La sapienza non ha forse a che fare con la filosofia? In senso stretto sì, poiché anche senza essere filosofi (ed ognuno di noi in realtà un po’ filosofo è) la prima non può esserci senza la curiosità per la conoscenza. Sebbene i filosofi stessi affermino che una definizione esatta di filosofia non esiste, si può dire, e su questo quasi non si trova dissenso, che essa tragga origine dal desiderio di apprendere dell’uomo. Che, in generale, osservando ciò che lo circonda, si pone delle domande e si ingegna per trovare delle risposte. Così, analizzando le cause e le motivazioni di un fenomeno, ogni uomo accresce la sua “sapienza”.
Era così anche per i grandi filosofi, come Aristotele e Platone.
Ma per i greci più antichi non era così: i veri “sapienti” si limitavano a diffondere la sophìa degli dei, la vera sapienza. Questi ultimi erano per lo più i poeti, che si credeva fossero ispirati dalle divinità e quindi facessero da tramite tra la sfera celeste e quella umana. Attraverso le loro opere, gli uomini potevano apprendere la volontà e il sapere degli dei, poiché esse erano scritte come sotto dettatura e perciò non potevano essere, in alcun modo, contestate. La sapienza così considerata era quindi strettamente legata al mito: anch’essa andava accettata in modo passivo, senza poter essere esplorata ed analizzata poiché costituiva parola divina. In fondo, però, neanche gli stessi poeti erano veramente sapienti: erano solo coloro che trasmettevano ciò che gli dei o le Muse, custodi della saggezza, decidevano potesse essere appreso dagli uomini. Insomma, per gli uomini non c’era alcuna speranza di venire a sapere qualcosa che non fosse voluto dagli dei.

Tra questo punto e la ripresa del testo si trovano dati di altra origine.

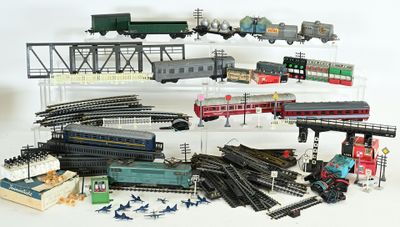 a lot of toy trains that are sitting on a table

E invece qui entra in campo la filosofia: essa indica un desiderio “laico” di conoscere, e l’uomo che se ne interessa tenta, attraverso mezzi umani, di spiegare la realtà in modo razionale, ma sa che non potrà eguagliare in alcun modo la sapienza degli dei, che, in quanto tali, costituiscono la perfezione. Inoltre, ciò che differenzia questi due tipi di sapere non è, come del resto accade tra mito e filosofia, il fatto che uno dei due persegua la verità, mentre l’altro utilizzi per spiegare ciò che non si conosce racconti inverosimili: a tal proposito bisogna ricordare che, nell’antichità, il sapere poetico, sviluppato in poemi e miti, coincideva con la verità degli dei, che la ragione non poteva comprendere e ancor più criticare. Quindi, anche per quanto concerne il sapere poetico e il sapere filosofico, la differenza principale riguardava il fatto che per il primo non era necessario servirsi del lògos, cioè della ragione, che invece diveniva elemento essenziale nel secondo. Questa disciplina finì così per sostituire progressivamente la poesia laddove gli uomini iniziarono a dubitare che i poeti agissero per mano divina. Però, può incuriosire il fatto che filosofia e poesia in fondo abbiano, o meglio, avessero qualcosa in comune, la sapienza: dopotutto oggigiorno mai si potrebbe considerare sapiente una persona che si limita a fare da portavoce di altri.